Thanks to Smith for coming to the rescue. You have to believe his credibility in his statement that the safety study gave them exactly what they wanted. He is very encouraging about the long term revenue outlook for the MMX drug.
He did stop just short again from recommending it, even though he talked so highly about it's long term outlook. I don't think you can wait until after the drug approval. Certainly the speculators will drive the stock price up significantly before next October's approval.
Maybe he just wants to see this patent infringement case behind us, as I do. It's like the global market problem with Greece. If we weren't just so totally focused on that, we'd see the forest through the trees.

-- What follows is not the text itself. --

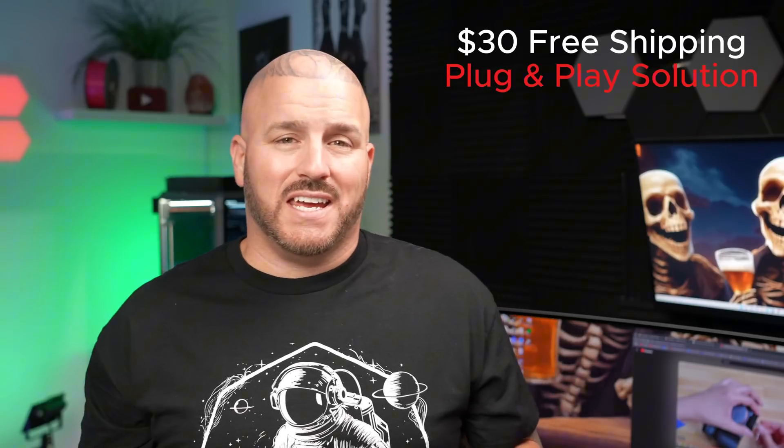I created a light kit that's a plug-and-play solution for the Creality K1 series machines. You simply unplug the existing LED bar and plug in the two-pin connector to the LED light kit. For those of you who are more DIY and comfortable with soldering, I'll leave a material list down in the description so you can order the parts and do it yourself.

At least I know we will be fine in a matter of time. We all wish that it was now, so we could see it reflected in our account balance and so we wouldn't have to view all of bucksave's posts.
Smith is saying what I already said a couple weeks ago.
Just to add, the FDA required the 6 mg safety study (and not 9 mg), and in a recent meeting with the FDA, everything looked to be in order for the 4th q NDA filing.
Here was my posting with link below (this is a dream buy at these prices, Load up below $3):
"Using the 6 mg dose for safety in UC patients was following what was done with Entocort EC based based on discussions with the FDA. Entocort 9 mg is used to induce remission in Crohn's, while 6 mg dose is for maintenance of Crohn's, but for only "3 months maintenance" according to labeling.
It was already known the 6 mg dose of Budesonide MMX was not the dose of choice for induction of remission (the 9 mg was statistically significant). To do a maintenance trial would require more patients and expense to possibly warrant the maintenance indication. This 6 mg trial was not really designed to have the power to find statistical significance for maintenance therapy, but only to show if there might be safety issues (there were none) and glean any efficacy data (the data trended toward this in 2 categories).
The FDA is very familiar with budesonide through Entocort, and this is a 505 2b trial, so should easily be approved for induction of remission based on the EU and US phase 3 data package. Doctors can do what they want with it after that.
Lialda, another Cosmo MMX product, is already selling in the US, and doing pretty well."